The course provides an historical overview of the field of Asian Studies and introduces students to central concepts and approaches in the Social Sciences and Humanities in relation to the study of Asian societies, paying particular attention to shifting contexts and contents related to forms of knowledge.
The course offers critical perspectives on Western studies and knowledge formation regarding Asia. The course further discusses and analyses new theories and approaches emanating from the study of Asian societies, including post-colonialism and subaltern theories, that both challenge and enrich Western Social Sciences. The course also introduces perspectives from postmodernism and gender studies that provide students with tools to analyse contemporary Asian societies and sensitise them to underlying issues of power and representation.
ACEP35: Political Systems, Governance and Democracy in Asia (12 credits)

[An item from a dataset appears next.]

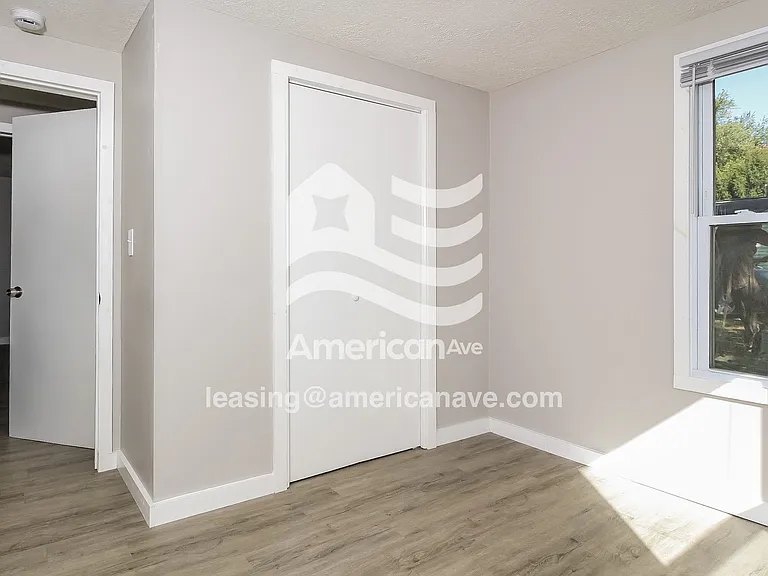 943837_009_wm_-_main_bedroom_13184288.jpg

The course provides an overview of general theories related to the study of political systems, governance, and democratization. Such theories including decolonization, nationalism, authoritarianism, and the development of hybrid state systems. The ultimate aim of the course is to let the students to be able in applying these theories to the Asian context through a comparative analysis.
The course is designed to introduce students to different political systems in the region of East, South-East and South Asia. The course pays particular attention in comparing the similarities and differences experiences between and within these states. The course also discusses the phenomena of political change, rise of leadership, influences of religion, society, culture, military, and economy in domestic politics as well as international relations. The course also addresses the influence of regional organizations and multinational corporations in contemporary political developments.
ACEP36: The Economic Transformation of Asia (12 credits)
The course deals with economic development in East, South-East and South Asia. It explores and explains the processes of rapid industrialisation and socio-economic modernisation in East and South-East Asia together with the development process in South Asia based on a historically–comparative institutional approach. Fundamental factors and forces behind these changes are analysed against the background of leading theories of economic development and social change. All countries in the region can serve as examples, but particular emphasis will be given to First-Tier industrialising countries (Malaysia, Indonesia, Thailand and Philippines), Third-Tier industrialisers (China and Vietnam) and countries in South Asia (with a particular focus on India).
The course uses institutional theory to analyse the emergence of the so-called East Asian model of economic growth and development and current trends and forces of globalisation in the Asia-Pacific region. Specific focus is laid on comparing China’s and India´s economic reforms and emerging roles in the global economy.